For small images, you usually won’t notice much of a difference in file size between 8-bit and 32-bit. In fact, 32-bit PNGs can be smaller in file size. But when the images become a few hundred pixels larger, you will notice a large difference.

This format is used when you have an image with a lot of colours that also requires transparency. JPGs don’t support transparency and PNG-8s only contain up to 256 colours.


There are two options when selecting transparency, Index and Alpha. Each pixel of a PNG has a colour value associated with it, the type of transparency used will determine how the transparency is applied to the relevant pixels.


With index transparency, the pixel now has the option to be fully transparent. It’s a very simple way of adding transparency. Each pixel has either a solid colour value or is transparent.

This is used when an image / icon has a solid border with no anti-aliasing between the coloured pixels and the transparent areas.

When exporting the image with index transparency, you get to choose 1+ colour to make transparent. For example, white could be transparent. However, what about the pixels that aren’t exactly #fff, such as #fefefe? They will not be made transparent, but will look white. You would need to manually add that specific colour and all other similar colours to the list to be made transparent – which can be a long, inaccurate and tedious job. Have you ever seen images / icons with little black or white pixels around the edges? This is why.


With alpha transparency, each pixel has a colour value and can have a level of transparency as well. For example, a pixel may be red and be 50% transparent. Or it may be green and be 90% transparent.

This makes images with anti-aliasing look much better.

This is often used when an image needs to sit on top of a gradient or another image. For example, you may have a scrolling banner with an image of a dog, perhaps with a drop shadow. You may want the banner to have a fixed blue background with a slight gradient from one corner to the other. In order to avoid the white / black pixel issue, it will need to use alpha transparency.

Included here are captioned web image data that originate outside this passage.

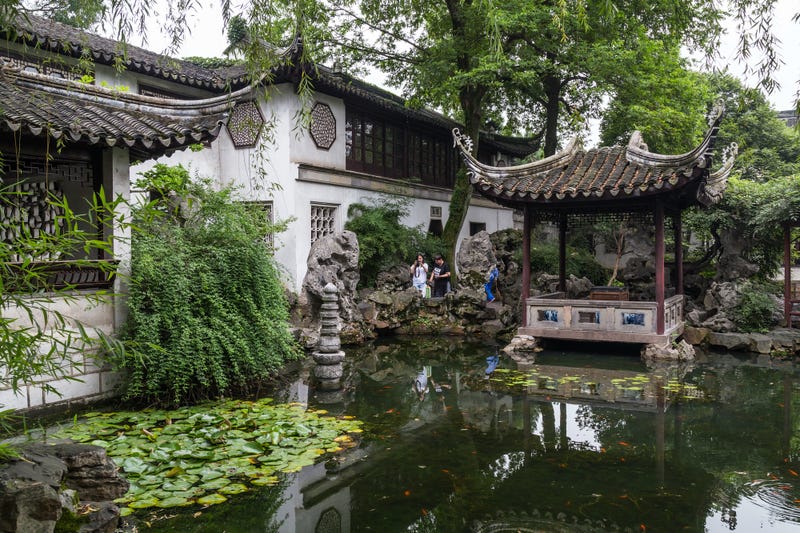 Nơi này được xếp vào di sản Thế giới của Unesco, chúng có từ thế kỷ thứ 12. Khu vườn thượng uyển được xây dựng vào đời Tống, theo tiếng Trung Quốc là Wangshiyuan – tạm dịch là Tuyệt đỉnh bố trí (The Master-of-Nets). Sự thiết kế của mái che, khán phòng, luỹ tre, sào nước được các nghệ nhân Trung Quốc thổi hồn nghệ thuật hoàn mỹ.
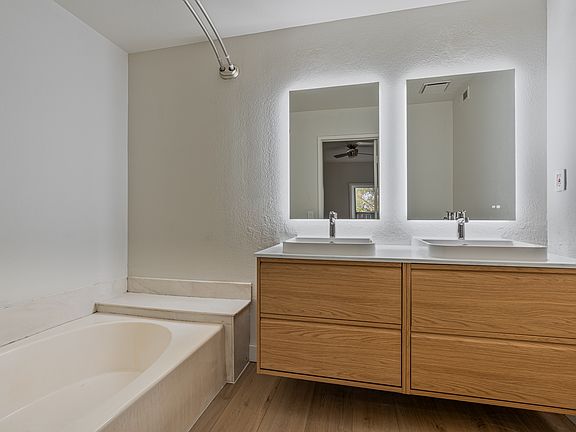 4th image of 6947 Camino Pacheco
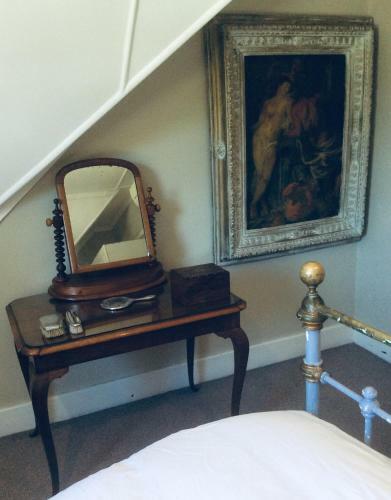Cape Dutch Mansion In Houghton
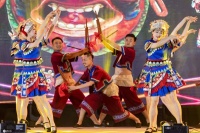 湖南吉首：非遗展演迎佳节 钢火烧龙表演震撼人心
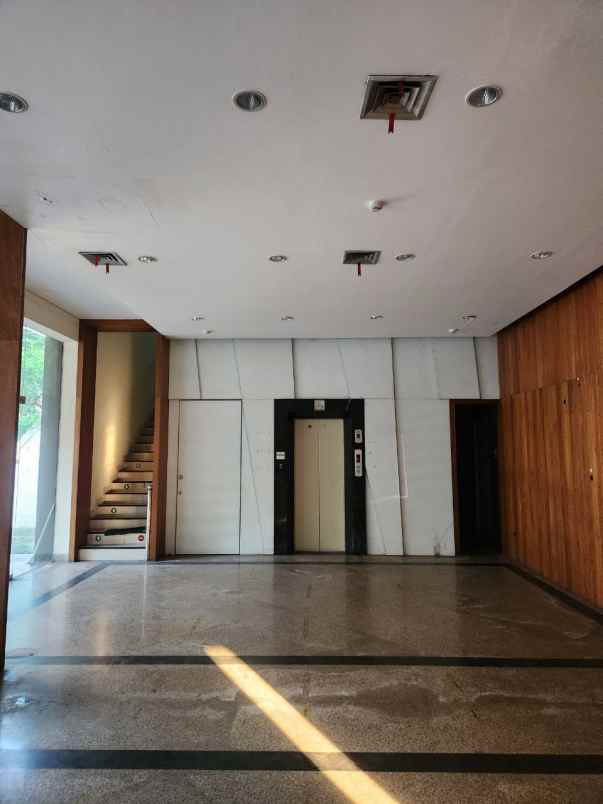 dijual ruko gudang kantor kuningan barat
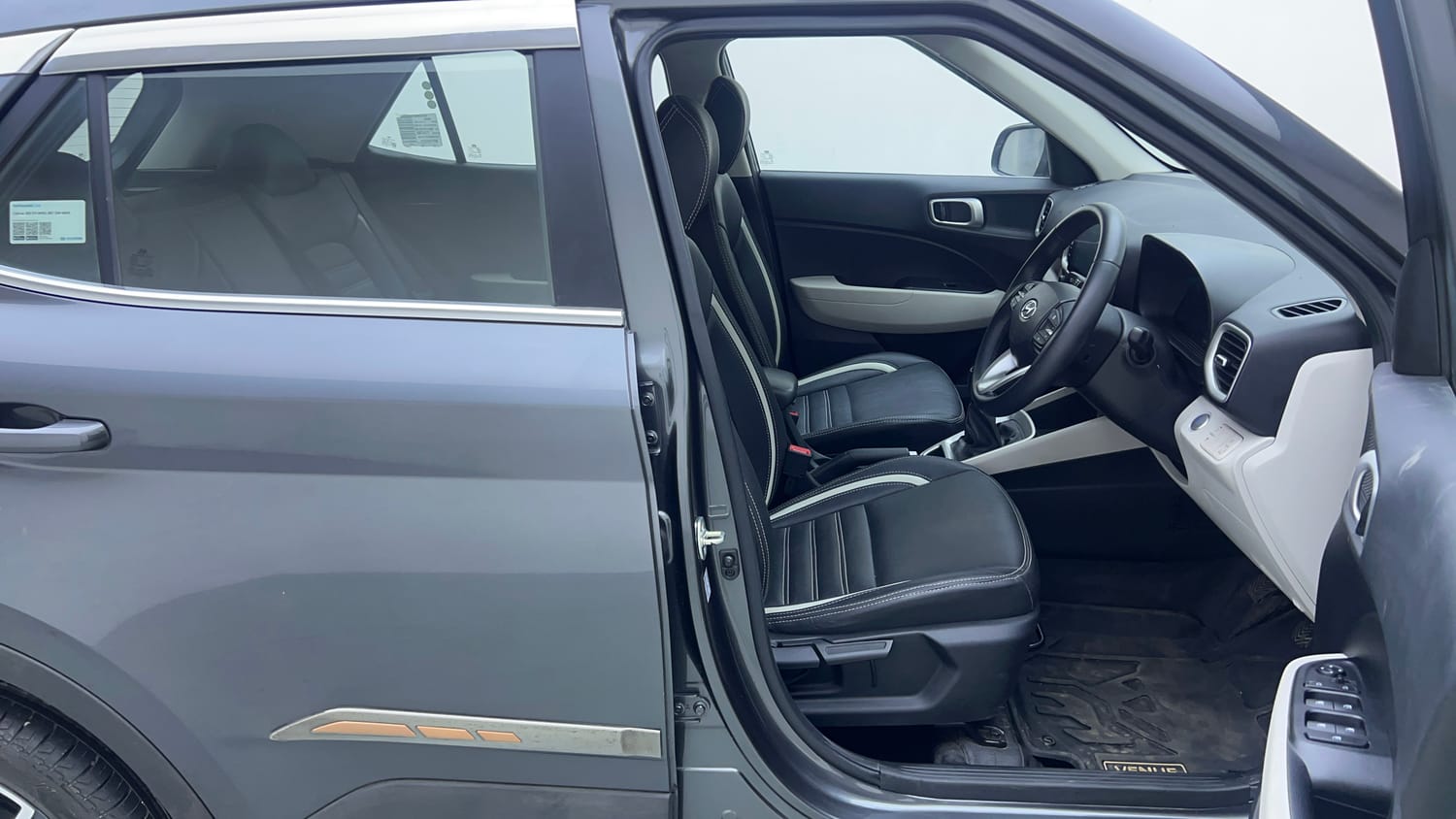 Used 2025 Hyundai Venue S (O) 1.2 Petrol Petrol Manual interior RIGHT SIDE FRONT DOOR CABIN VIEW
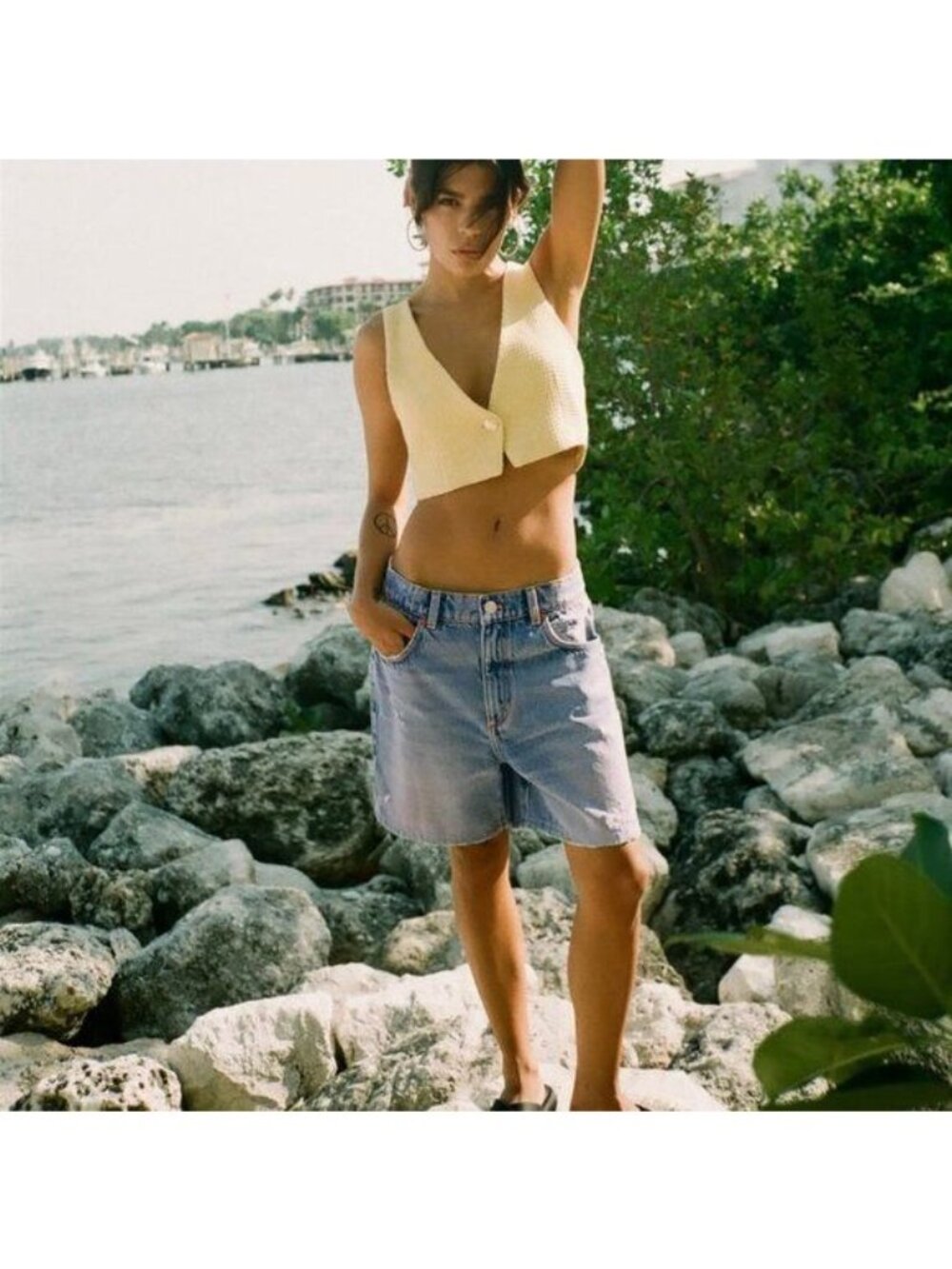 Zara Summer Edition The New Mid Rise Balloon Denim Bermuda Shorts Jeans Denim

An image may have a DPI value associated with it. You’ll often see this when creating a new image in your image editing program. This is just an attribute and is only used for printing. It does not affect the quality or size of the image (except when printed) and it can be changed at any time.


The previously mentioned formats are all raster formats. This means that data is stored for every pixel of the image.

SVGs are a vector format. Instead of determining the colour of every pixel, SVGs contain XML that specify shapes, their coordinates, stroke thickness, colour etc. Open up an SVG in notepad and you’ll see the code.

You should use SVGs instead of PNGs when you can. SVGs can be very suitable for logos and icons. The main advantage is that it can be scaled up or down very easily without losing quality, where raster formats would become pixelated.

An SVG’s XML can be inlined directly on the page. You can also use javascript to do this. You can have CSS-like properties with hover states and animations. It’s much more flexible than a PNG.


Having a large number of small files to download can slow down a website faster than having fewer, larger files. So some developers like to combine all of their smaller icons into one file. This is called a sprite or sprite sheet.

A sprite is used as a background image, with the background-position value determining which icon will appear. There is usually some spacing between icons, but with PNGs and SVGs, this doesn’t increase file size significantly or at all.

This was used extensively in the past with hover states. If a hover state icon is separate from the normal state, then the browser attempts to load the image only when the user performs the hover. This results in a delay to the hover state appearing as the image loads. To avoid this, developers combined hover states and normal states into one image, then used negative background positions to switch the images on hover.


That’s all you need to know to produce images for the web. Choose the correct format for the image. If in doubt, experiment. Try multiple formats and see what’s best. No more excuses for 32-bit PNG photo banner or a blurry JPG icon.